Becker’s work is deeply imbedded in the essence and laboriousness of photography’s origins. Etymologically speaking, “photography” literally means “drawing with light,” the sun’s rays as graphic stylus.  The images in “Above Zero” literalize that original denotation.  The ice flats, which lay endlessly before Becker’s camera, like the white of photographic paper, register the sun’s rays in lines of flowing water, in rivers of melted snow and ice.  The resulting images are all constituted through the same effects of the sun, but they represent an infinite variety of possible forms.  The ethereal blues of shallow river flows contrast with dark black rivulets of dust and soot which have absorbed the warmth of the sun and melted into the snow, creating cylindrical holes and striations that appear like abstract graphics. These elements fulfill the potential suggested by Becker’s previous work in Iceland and on Greenland’s coast, that of a landscape photographically defined.  The processes of photography and the forces that affect the landscape are so intimately related that they appear merged in these images.  The lines and forms that appear on film and photographic paper emerge in water and liquid baths.  The same is true of the actual setting in which Becker takes these photographs. It is stunningly apparent that Becker’s photographs would quite literally be blank, as though remaining in the form of undeveloped photo paper, if not for the water which gives form and creates the discernable lines, colors and contours of the landscape itself.  This is photography at its most intimate, at its most present.

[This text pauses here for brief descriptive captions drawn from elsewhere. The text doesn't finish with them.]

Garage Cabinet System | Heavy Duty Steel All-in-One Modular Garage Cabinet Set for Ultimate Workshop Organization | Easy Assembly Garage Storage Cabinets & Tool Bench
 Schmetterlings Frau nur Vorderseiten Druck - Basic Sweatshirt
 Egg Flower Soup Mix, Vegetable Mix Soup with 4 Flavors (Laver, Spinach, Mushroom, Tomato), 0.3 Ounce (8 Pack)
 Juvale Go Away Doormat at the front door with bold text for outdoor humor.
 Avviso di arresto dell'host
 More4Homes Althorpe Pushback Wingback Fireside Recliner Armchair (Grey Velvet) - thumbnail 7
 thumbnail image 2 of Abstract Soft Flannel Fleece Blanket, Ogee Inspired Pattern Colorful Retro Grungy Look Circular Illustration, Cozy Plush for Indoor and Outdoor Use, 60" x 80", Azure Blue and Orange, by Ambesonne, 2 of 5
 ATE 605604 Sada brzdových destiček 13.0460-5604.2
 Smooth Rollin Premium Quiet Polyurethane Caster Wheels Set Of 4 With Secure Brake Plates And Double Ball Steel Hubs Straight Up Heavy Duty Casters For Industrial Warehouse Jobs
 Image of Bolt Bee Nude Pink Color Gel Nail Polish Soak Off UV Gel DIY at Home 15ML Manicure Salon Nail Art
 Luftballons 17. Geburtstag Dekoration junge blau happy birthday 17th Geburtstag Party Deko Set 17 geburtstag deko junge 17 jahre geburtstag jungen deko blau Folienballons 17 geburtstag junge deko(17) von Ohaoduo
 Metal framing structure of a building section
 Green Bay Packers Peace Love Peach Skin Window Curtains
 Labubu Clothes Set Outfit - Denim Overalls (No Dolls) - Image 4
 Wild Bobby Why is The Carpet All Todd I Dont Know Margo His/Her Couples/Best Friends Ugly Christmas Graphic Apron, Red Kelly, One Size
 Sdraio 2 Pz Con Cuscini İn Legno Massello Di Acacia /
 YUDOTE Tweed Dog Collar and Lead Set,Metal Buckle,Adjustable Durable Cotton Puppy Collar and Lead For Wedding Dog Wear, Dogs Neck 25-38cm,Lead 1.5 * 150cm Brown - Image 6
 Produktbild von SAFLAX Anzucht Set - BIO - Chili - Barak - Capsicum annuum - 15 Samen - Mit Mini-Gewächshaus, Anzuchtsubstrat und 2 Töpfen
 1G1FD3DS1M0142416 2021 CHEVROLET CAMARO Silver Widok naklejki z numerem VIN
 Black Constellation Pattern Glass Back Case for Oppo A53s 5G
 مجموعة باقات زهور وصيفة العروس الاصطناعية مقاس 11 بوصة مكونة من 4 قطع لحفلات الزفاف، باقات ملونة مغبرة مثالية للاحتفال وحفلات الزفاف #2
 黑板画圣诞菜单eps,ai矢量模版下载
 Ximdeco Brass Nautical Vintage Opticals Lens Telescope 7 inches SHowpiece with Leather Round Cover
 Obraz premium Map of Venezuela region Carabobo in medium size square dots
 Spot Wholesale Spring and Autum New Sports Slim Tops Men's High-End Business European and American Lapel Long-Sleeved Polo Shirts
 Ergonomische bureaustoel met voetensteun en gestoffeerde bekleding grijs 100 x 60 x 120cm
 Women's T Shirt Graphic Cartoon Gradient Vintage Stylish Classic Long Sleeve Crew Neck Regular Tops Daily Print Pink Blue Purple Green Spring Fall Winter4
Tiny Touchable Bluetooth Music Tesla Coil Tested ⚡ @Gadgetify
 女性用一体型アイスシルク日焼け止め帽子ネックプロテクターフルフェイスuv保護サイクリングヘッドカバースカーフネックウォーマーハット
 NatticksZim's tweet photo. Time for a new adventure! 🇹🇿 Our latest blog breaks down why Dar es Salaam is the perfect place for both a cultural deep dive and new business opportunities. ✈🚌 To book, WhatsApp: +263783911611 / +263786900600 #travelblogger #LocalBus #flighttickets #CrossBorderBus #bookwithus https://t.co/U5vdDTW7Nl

Further invoking the essences of photography, Becker’s use of large format cameras, employed in settings that are nearly inaccessible, harkens back to the days of nineteenth century photographers like Carlton Watkins and Timothy O’Sullivan, before the snapshot camera, when the photographer was an explorer and laborer who had to painstakingly, and delicately, haul his equipment across treacherous terrain.  That laboriousness is underscored by Becker’s images of a Swiss research camp.  Situated in the middle of the desolate landscape, the introduction of man and man made objects appears so stunningly highlighted and seemingly out of place that their being brought there seems almost incomprehensible.  Furthermore, and in the same spirit as those adventurous nineteenth century landscape photographers, Becker’s images beg environmental awareness and caution.  They plead on behalf of a world being dramatically affected by climactic change, of literally being over-developed and washing away completely.

Olaf Otto Becker has exhibited widely in Germany, Europe and the United States.  Above Zero has been nominated for the 2009 German Photo-book Prize.  In 2007, his previous publication, Broken Line, won the German Photo-Book Prize and his book Under the Nordic Light was nominated for best book at the Rencontres Internationales de la Photographie, Arles.